» **Assigned task**: Reproduce from the records below, with no pictures, exactly the lines between the one containing "NIkon Coolpix" and the one containing "Ca sĩ Đan Trường", inclusive.
━━━ Supplied data
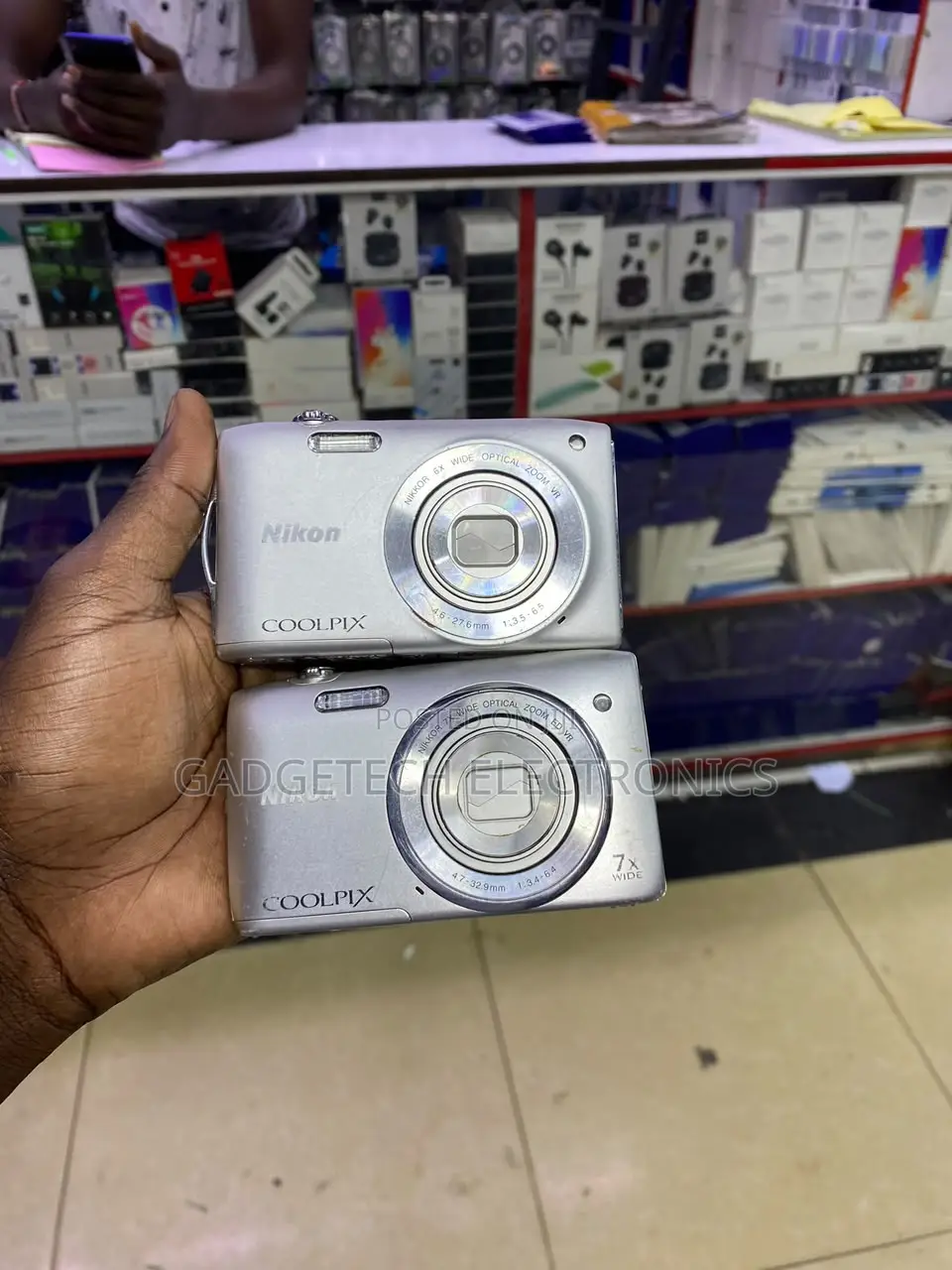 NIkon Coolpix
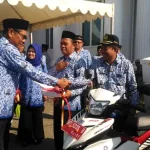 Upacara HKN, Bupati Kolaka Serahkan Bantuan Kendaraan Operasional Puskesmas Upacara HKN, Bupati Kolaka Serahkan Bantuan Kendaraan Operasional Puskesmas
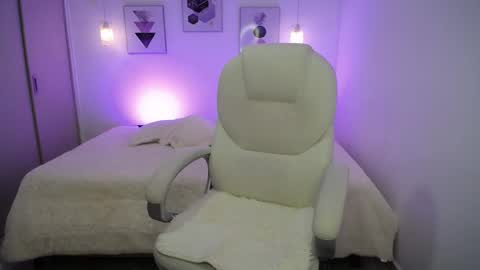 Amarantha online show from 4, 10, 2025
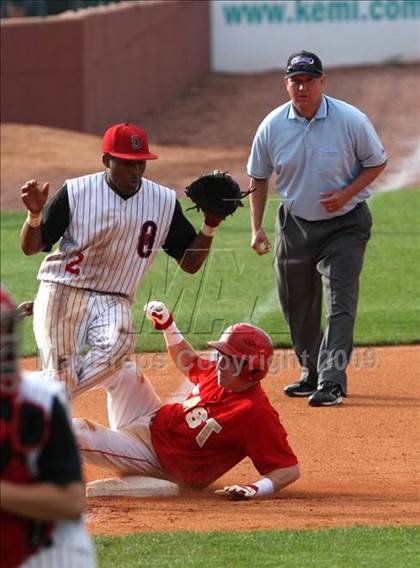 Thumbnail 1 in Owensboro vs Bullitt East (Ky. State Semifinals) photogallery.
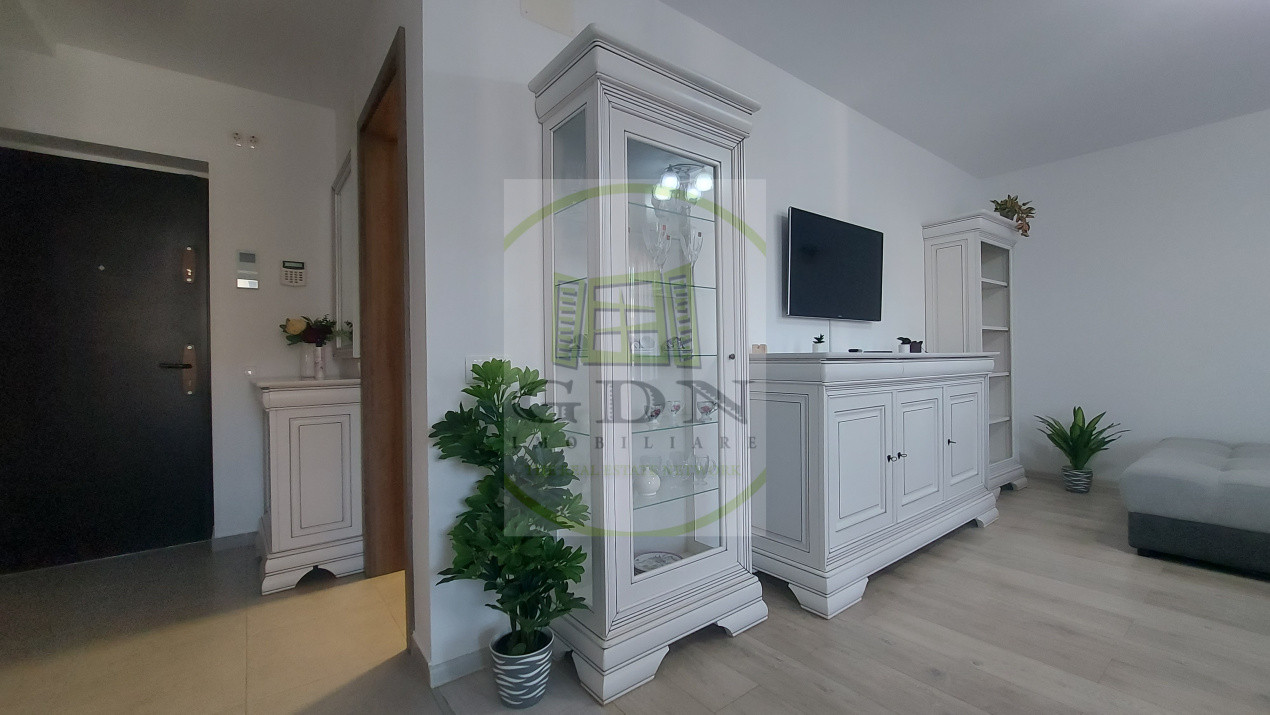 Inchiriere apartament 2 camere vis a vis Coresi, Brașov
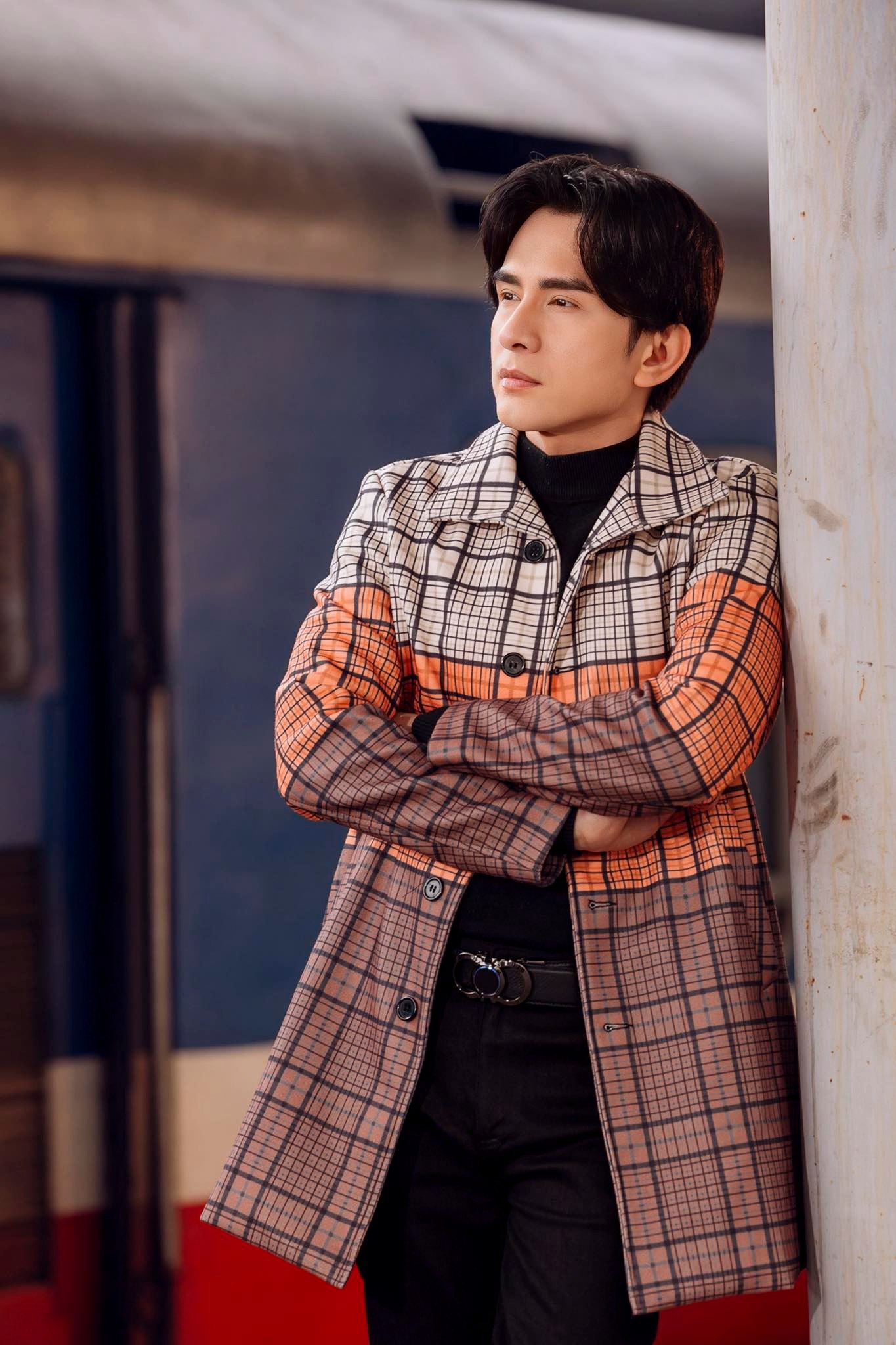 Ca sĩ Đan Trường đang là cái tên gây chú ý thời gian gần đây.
━━━━━━
━━━ Supplied data
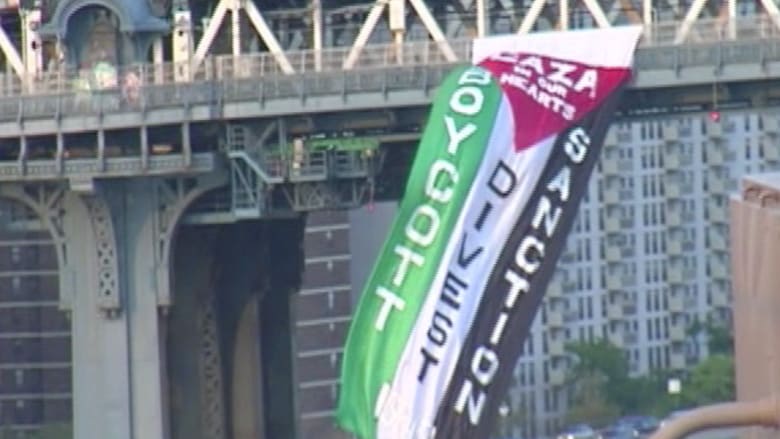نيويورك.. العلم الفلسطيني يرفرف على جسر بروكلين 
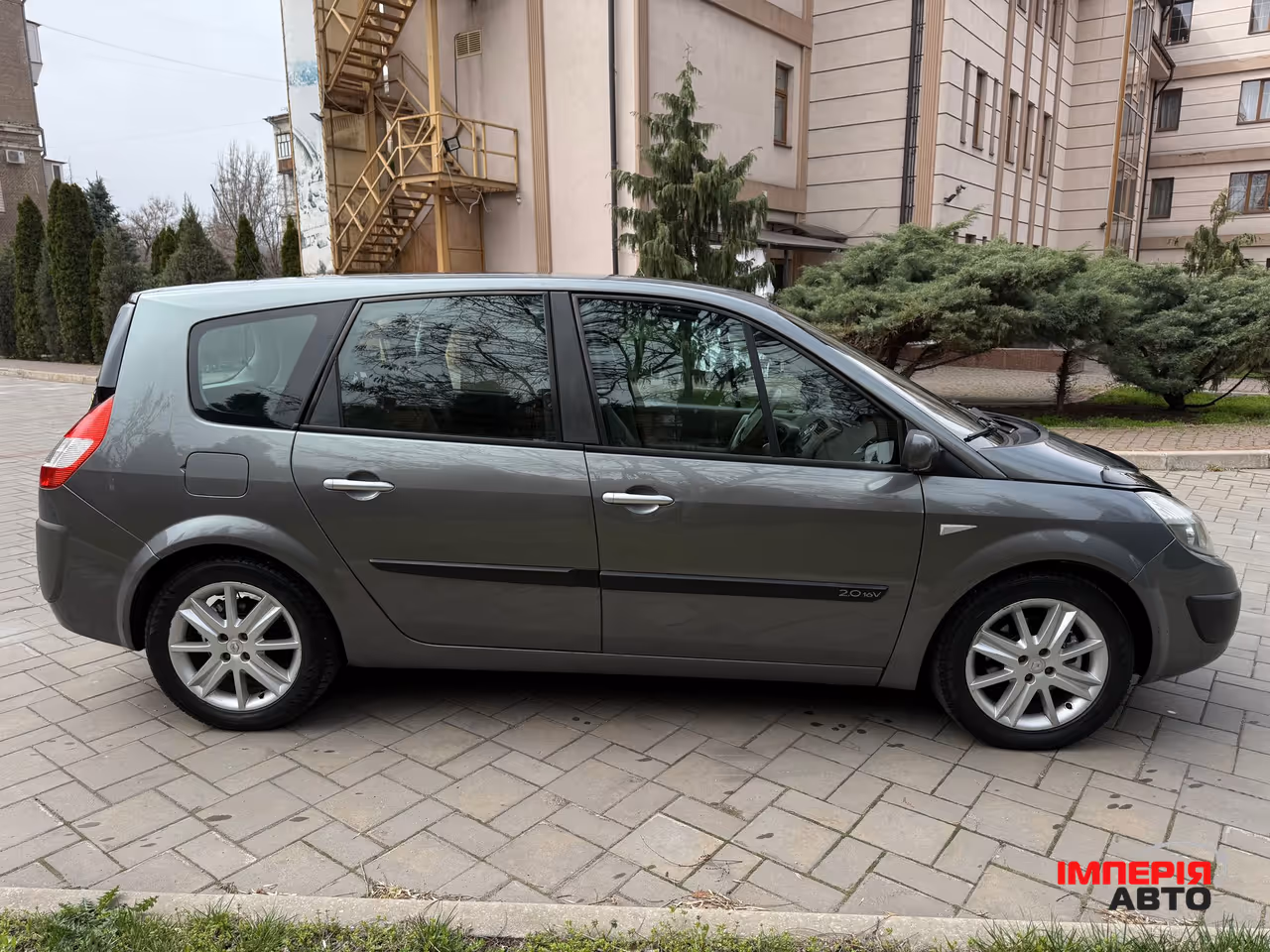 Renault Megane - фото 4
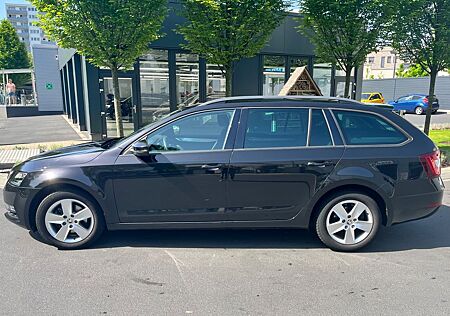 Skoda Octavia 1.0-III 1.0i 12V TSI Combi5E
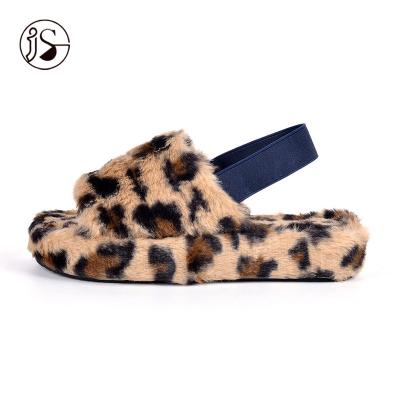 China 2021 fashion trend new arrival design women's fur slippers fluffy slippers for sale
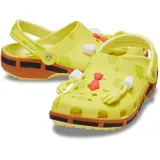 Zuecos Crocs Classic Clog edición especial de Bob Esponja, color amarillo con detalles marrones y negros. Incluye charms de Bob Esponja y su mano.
━━━━━━
» **Task answer**:
 NIkon Coolpix
 Upacara HKN, Bupati Kolaka Serahkan Bantuan Kendaraan Operasional Puskesmas Upacara HKN, Bupati Kolaka Serahkan Bantuan Kendaraan Operasional Puskesmas
 Amarantha online show from 4, 10, 2025
 Thumbnail 1 in Owensboro vs Bullitt East (Ky. State Semifinals) photogallery.
 Inchiriere apartament 2 camere vis a vis Coresi, Brașov
 Ca sĩ Đan Trường đang là cái tên gây chú ý thời gian gần đây.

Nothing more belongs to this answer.